Otros elementos han cambiado mucho, sí. Para empezar, porque muchos de los protagonistas de aquellos días, tanto en nuestro microuniverso personal como en la actualidad más pública, ya no están presentes físicamente entre nosotros. Siguen en el imaginario de cada uno, claro, y forman parte del núcleo duro de todos nosotros, pero no es posible ahora sentir sus risas o tener con ellos una sosegada conversación.

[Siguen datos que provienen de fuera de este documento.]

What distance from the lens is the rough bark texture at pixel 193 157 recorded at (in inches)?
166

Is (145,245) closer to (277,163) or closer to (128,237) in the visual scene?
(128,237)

Quizá esa es una de las evidencias más palmarias de que el tiempo sigue su curso, aunque siga habiendo otras partes del paisaje de cada día menos variables, de suerte que parecen inmanentes frente al paso del tiempo.

Aquel verano de 1987 comenzaba, como todos, en torno al San Xoán. Y, en los próximos días, esa celebración ancestral en torno al fuego y el agua volverá a visitarnos, aunque los cánones propios de este tiempo de pandemia nos obliguen a ser prudentes y tener mucho cuidado para que no se repitan los números de hace unos meses. Pero el San Xoán seguirá ahí, no tanto en lo festivo y mundano, que me interesa menos, como en lo que significa a nivel telúrico, tan enraizado en la tradición y en la lógica milenaria de nuestro pueblo. Una fiesta tan ligada al solsticio de un par de días antes, este lunes que viene, en el que el verano toma el relevo a la primavera y llega para quedarse con nosotros.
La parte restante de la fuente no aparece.